Namun dengan status politiknya seperti tersebut tadi, bagaimana bisa masuk logika jika ada parpol yang jauh lebih besar daripada PBB, tidak mengusung kadernya sendiri, tetapi malah mengusung ketua umum dari parpol lain,  yang status parpol-nya itu justru nyaris tak terdengar.

Apalagi, misalnya, sebelum pendaftaran calon gubernur DKI itu dibuka parpol-parpol, dengan pongahnya Yusril sendiri pernah menyatakan dirinya lebih layak menjadi calon gubernur DKI daripada kader unggulan PDIP sendiri (baca: Yusril Sebut Calon Gubernur DKI dari PDIP Tak Akan Menang Melawannya).  

Partai Demokrasi Indonesia Perjuangan (PDIP)

Apakah mungkin, PDIP mau menggadaikan harga dirinya sendiri untuk “membuktikan” bahwa pernyataan Yusril itu sungguhlah benar, sehingga mereka pun mengabaikan kadernya sendiri, lalu mengusung Yusril?

Apakah mungkin PDIP sebagai parpol terbesar, pemenang pemilu, yang punya jumlah kursi terbanyak (28 kursi)  di DPRD DKI sehingga menjadi satu-satunya parpol yang bisa mengusung calonnya sendiri, justru mengusung calon dari ketua umum parpol lain, apalagi parpol itu statusnya antara ada dan tiada, dan tidak punya satu kursi pun di DPRD DKI Jakarta?

Apalagi, selama ini Yusril Ihza Mahendra selalu memandang remeh kemampuan Jokowi sebagai Presiden RI, dan selalu memposisikan dirinya sebagai lawan Jokowi, padahal sebagai partai penguasa, PDIP sangat bangga dengan “petugas partai”-nya itu.

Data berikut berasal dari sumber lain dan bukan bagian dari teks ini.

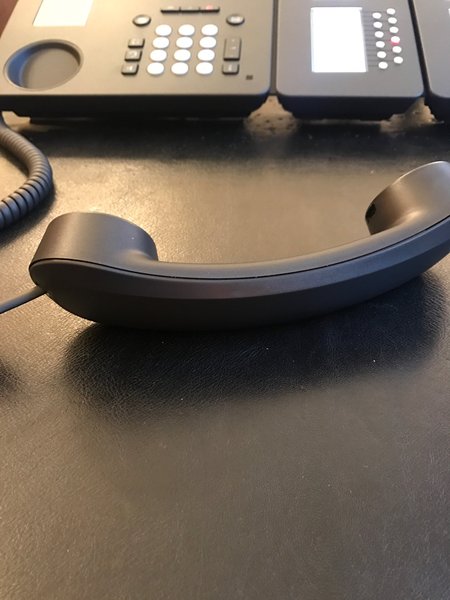 Westministenders: The Slow Reveal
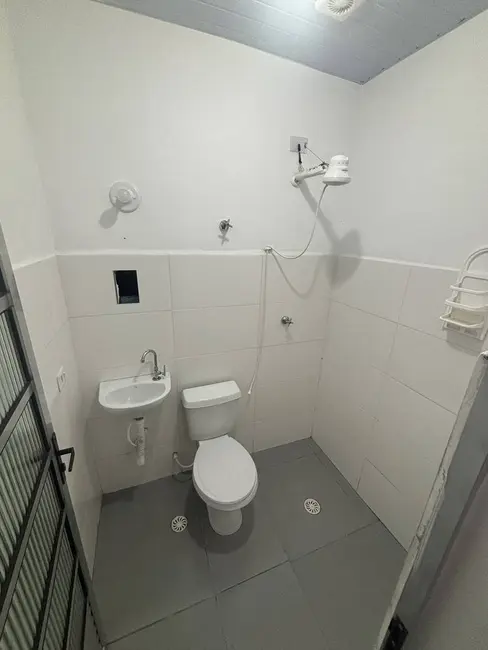 Foto 7 de Casa com 1 quarto para alugar, 20m2 em Jardim Aricanduva, São Paulo - SP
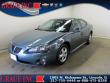 2007 Pontiac Grand Prix Sedan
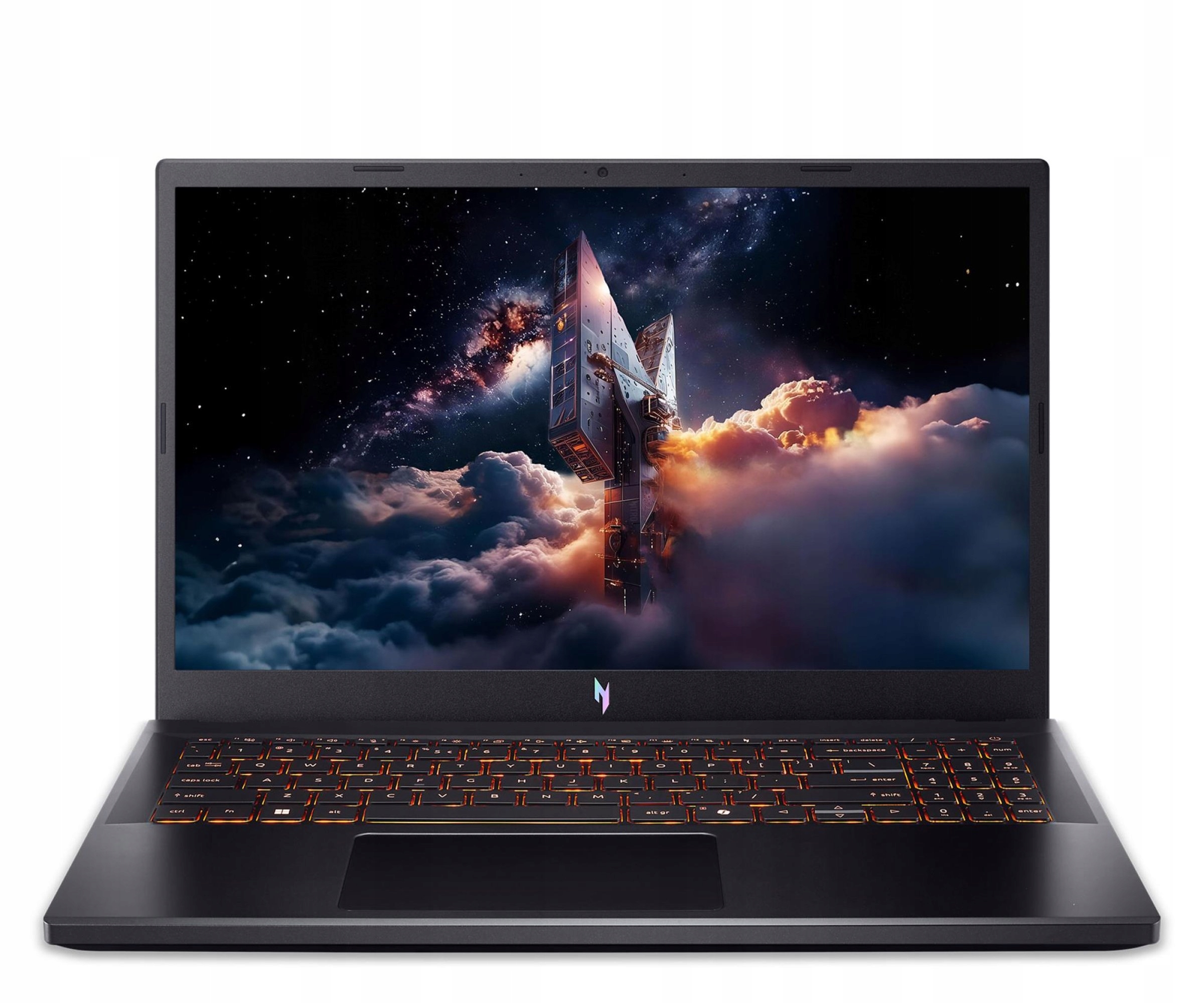Laptop 15,6" Acer Nitro V i9 13900H/64GB/1TB/Win11X RTX5060 165Hz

Yusril pernah mengatakan, Jokowi hanyalah presiden tukang gunting pita, yang hanya mengandalkan pencitraan diri dengan melanjutkan proyek-proyek besar peninggalan Presiden sebelumnya (SBY).

Yusril juga menganggap Jokowi tidak mampu memilih anggota kabinetnya secara profesional berkwalitas, sehingga seandainya Jokowi memintanya menjadi salah satu menterinya, ia akan langsung menolaknya.

Bukan hanya memandang rendah kemampuan Jokowi sebagai Presiden, sampai sekarang pun Yusril selalu menempatkan dirinya sebagai lawan dari pemerintahan Presiden Jokowi, seperti menjadi pembela pemilik kapal berbendera Thailand yang telah melakukan illegal fishing di perairan Indonesia, dan oleh karena itu disita Pemerintah RI/Kementerian Kelautan dan Perikanan atas perintah Susi Pudjiastuti. Padahal apa yang dilakukan oleh Kementerian tersebut merupakan bagian dari kebijakan Presiden Jokowi.  

Yusril bahkan juga menjadi pembela dari Yulianus Paonganan alias Ongen, yang jelas-jelas secara faktual telah melakukan penghinaan luar biasa terhadap Presiden Jokowi, dan juga Menteri Susi Pudjiastuti,  melalui sekitar 200 kicauannya di akun Twitter, antara 12-14 Desember 2015 lalu.

Ketika itu, Ongen dengan nama akunnya @ypaonganan, mem-posting foto Jokowi bersama artis Nikita Mirzani, yang diajadikan meme dengan memberi hastag: “#PapaDoyanLonte”, disertai dengan rangkaian kicauan lainnya  yang pada intinya melecehkan Jokowi.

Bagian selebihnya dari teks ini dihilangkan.